■ Data section ■
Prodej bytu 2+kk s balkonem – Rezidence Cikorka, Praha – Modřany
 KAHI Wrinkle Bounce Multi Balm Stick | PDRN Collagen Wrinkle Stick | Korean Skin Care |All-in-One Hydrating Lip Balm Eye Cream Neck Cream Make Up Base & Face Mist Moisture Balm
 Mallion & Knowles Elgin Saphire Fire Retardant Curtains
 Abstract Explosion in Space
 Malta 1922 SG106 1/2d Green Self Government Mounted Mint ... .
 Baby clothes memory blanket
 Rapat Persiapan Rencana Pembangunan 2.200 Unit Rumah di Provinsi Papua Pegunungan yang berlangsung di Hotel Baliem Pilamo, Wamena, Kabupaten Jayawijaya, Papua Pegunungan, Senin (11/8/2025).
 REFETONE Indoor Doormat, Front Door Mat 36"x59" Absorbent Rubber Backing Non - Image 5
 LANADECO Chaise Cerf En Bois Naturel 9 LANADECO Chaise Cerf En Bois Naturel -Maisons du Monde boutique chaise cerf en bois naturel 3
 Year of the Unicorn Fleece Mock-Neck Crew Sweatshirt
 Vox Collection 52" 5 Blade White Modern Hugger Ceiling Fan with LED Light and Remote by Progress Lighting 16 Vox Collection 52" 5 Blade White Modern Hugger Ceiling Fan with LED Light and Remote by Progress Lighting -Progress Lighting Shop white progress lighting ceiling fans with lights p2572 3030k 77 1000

■ Directions for this task ■
Extract all the entries word for word.

■ Response area ■
Prodej bytu 2+kk s balkonem – Rezidence Cikorka, Praha – Modřany
 KAHI Wrinkle Bounce Multi Balm Stick | PDRN Collagen Wrinkle Stick | Korean Skin Care |All-in-One Hydrating Lip Balm Eye Cream Neck Cream Make Up Base & Face Mist Moisture Balm
 Mallion & Knowles Elgin Saphire Fire Retardant Curtains
 Abstract Explosion in Space
 Malta 1922 SG106 1/2d Green Self Government Mounted Mint ... .
 Baby clothes memory blanket
 Rapat Persiapan Rencana Pembangunan 2.200 Unit Rumah di Provinsi Papua Pegunungan yang berlangsung di Hotel Baliem Pilamo, Wamena, Kabupaten Jayawijaya, Papua Pegunungan, Senin (11/8/2025).
 REFETONE Indoor Doormat, Front Door Mat 36"x59" Absorbent Rubber Backing Non - Image 5
 LANADECO Chaise Cerf En Bois Naturel 9 LANADECO Chaise Cerf En Bois Naturel -Maisons du Monde boutique chaise cerf en bois naturel 3
 Year of the Unicorn Fleece Mock-Neck Crew Sweatshirt
 Vox Collection 52" 5 Blade White Modern Hugger Ceiling Fan with LED Light and Remote by Progress Lighting 16 Vox Collection 52" 5 Blade White Modern Hugger Ceiling Fan with LED Light and Remote by Progress Lighting -Progress Lighting Shop white progress lighting ceiling fans with lights p2572 3030k 77 1000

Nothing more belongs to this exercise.